Millions of young people in developing countries who are poised to enter the labour force in the coming decades need not flee rural areas to escape poverty, the United Nations Food and Agriculture Organization (FAO) said in a report released on Monday.
Rural areas have vast potential for economic growth pegged to food production and related sectors, the annual State of Food and Agriculture report said.
With the majority of the world's poor and hungry living in these areas, achieving the 2030 development agenda will hinge on unlocking this frequently neglected potential, it said.

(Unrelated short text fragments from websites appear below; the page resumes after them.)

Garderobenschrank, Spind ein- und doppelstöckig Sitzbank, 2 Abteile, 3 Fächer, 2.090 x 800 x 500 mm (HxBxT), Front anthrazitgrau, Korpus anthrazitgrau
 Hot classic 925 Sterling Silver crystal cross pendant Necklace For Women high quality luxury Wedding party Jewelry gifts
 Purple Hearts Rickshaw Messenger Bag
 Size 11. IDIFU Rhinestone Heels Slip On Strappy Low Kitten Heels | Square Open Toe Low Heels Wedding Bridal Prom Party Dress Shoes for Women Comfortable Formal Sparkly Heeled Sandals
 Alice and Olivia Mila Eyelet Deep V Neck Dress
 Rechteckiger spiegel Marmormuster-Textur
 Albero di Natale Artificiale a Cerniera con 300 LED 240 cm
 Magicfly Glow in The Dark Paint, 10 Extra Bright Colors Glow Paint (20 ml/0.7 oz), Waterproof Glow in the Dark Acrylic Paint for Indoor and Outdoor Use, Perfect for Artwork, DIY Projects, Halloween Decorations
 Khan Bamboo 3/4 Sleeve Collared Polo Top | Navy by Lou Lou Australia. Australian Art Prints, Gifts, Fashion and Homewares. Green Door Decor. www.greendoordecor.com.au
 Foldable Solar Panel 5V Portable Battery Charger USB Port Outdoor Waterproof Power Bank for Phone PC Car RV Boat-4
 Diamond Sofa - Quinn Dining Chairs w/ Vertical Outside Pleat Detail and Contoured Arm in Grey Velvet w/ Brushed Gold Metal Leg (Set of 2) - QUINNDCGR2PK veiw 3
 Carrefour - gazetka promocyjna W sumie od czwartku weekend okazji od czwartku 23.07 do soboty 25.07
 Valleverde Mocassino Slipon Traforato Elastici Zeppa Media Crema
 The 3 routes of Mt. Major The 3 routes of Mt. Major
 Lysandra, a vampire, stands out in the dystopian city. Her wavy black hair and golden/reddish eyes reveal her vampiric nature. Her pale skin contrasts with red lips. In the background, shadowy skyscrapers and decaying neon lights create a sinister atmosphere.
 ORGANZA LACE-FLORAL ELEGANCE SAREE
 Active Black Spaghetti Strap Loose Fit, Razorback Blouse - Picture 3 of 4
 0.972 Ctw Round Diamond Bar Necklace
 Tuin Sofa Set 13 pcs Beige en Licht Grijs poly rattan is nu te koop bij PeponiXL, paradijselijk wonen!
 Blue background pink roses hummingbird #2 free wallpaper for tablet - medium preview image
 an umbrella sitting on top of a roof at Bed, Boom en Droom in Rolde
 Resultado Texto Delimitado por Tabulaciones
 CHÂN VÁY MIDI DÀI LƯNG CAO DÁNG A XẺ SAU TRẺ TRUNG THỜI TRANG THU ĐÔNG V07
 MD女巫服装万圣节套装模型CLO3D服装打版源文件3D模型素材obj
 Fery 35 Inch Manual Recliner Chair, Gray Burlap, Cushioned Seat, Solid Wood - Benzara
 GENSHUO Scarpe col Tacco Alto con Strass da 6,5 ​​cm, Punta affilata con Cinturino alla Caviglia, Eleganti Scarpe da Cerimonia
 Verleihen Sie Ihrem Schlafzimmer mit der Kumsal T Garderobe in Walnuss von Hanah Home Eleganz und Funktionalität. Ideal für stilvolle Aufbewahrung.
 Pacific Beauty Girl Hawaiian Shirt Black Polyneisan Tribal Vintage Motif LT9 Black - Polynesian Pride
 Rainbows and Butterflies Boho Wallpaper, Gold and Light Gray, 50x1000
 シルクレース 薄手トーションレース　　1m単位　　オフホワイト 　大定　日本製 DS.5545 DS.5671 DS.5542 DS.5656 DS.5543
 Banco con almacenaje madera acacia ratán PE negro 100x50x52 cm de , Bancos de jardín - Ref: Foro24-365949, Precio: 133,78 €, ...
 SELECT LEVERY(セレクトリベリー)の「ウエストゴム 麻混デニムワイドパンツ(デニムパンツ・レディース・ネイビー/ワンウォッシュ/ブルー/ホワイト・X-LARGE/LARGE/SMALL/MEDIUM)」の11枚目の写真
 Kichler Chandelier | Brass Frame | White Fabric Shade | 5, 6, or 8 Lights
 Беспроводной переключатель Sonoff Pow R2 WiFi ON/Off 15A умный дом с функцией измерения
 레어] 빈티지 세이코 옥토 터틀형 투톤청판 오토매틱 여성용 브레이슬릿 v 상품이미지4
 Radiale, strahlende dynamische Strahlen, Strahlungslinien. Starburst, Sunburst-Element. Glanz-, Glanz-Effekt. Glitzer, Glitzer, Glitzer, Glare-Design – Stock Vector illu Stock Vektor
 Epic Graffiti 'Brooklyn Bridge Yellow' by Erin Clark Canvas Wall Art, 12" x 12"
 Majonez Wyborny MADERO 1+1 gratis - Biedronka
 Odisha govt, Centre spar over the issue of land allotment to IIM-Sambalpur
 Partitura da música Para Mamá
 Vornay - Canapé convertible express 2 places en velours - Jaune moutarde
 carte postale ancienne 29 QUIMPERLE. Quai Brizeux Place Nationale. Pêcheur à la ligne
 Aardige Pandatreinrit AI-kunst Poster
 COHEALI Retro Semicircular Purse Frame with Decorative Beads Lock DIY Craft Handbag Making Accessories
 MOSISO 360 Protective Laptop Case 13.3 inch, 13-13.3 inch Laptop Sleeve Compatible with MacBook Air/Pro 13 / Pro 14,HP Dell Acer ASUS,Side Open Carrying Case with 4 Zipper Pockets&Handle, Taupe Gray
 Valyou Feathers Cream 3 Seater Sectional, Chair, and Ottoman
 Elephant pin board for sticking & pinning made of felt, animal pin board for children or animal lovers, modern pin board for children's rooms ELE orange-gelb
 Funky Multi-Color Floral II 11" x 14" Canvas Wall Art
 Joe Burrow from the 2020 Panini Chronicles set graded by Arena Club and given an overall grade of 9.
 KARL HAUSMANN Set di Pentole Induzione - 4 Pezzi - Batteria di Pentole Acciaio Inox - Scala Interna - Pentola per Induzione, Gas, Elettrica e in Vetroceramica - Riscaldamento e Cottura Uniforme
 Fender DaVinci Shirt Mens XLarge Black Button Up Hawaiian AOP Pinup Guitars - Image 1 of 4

Doing so will require overcoming a thorny combination of low productivity in subsistence agriculture, limited scope for industrialization in many places, and rapid population growth and urbanization - all of which pose challenges to developing nations' capacity to feed and employ their citizens, according to the Rome-based UN agency. Transformations of rural economies have been credited with helping hundreds of millions of rural people lift themselves up out of poverty since the 1990s, the report noted. However that progress has been patchy, and demographic growth is raising the stakes. Targeting policy support and investment to rural areas to build vibrant food systems and supporting agro-industries that are well connected to urban zones -especially small and medium size cities - can create employment and allow more people to stay, and thrive, in the countryside represents a strategic intervention, the report said. "Too often ignored by policy-makers and planners, territorial networks of small cities and towns are important reference points for rural people - the places where they buy their seed, send their children to school and access medical care and other services," FAO Director-General José Graziano da Silva said in his forward to the report. "Policy-makers are urged to recognize the catalytic role of small cities and towns in mediating the rural-urban nexus and providing smallholder farmers with greater opportunities to market their produce and share in the benefits of economic growth".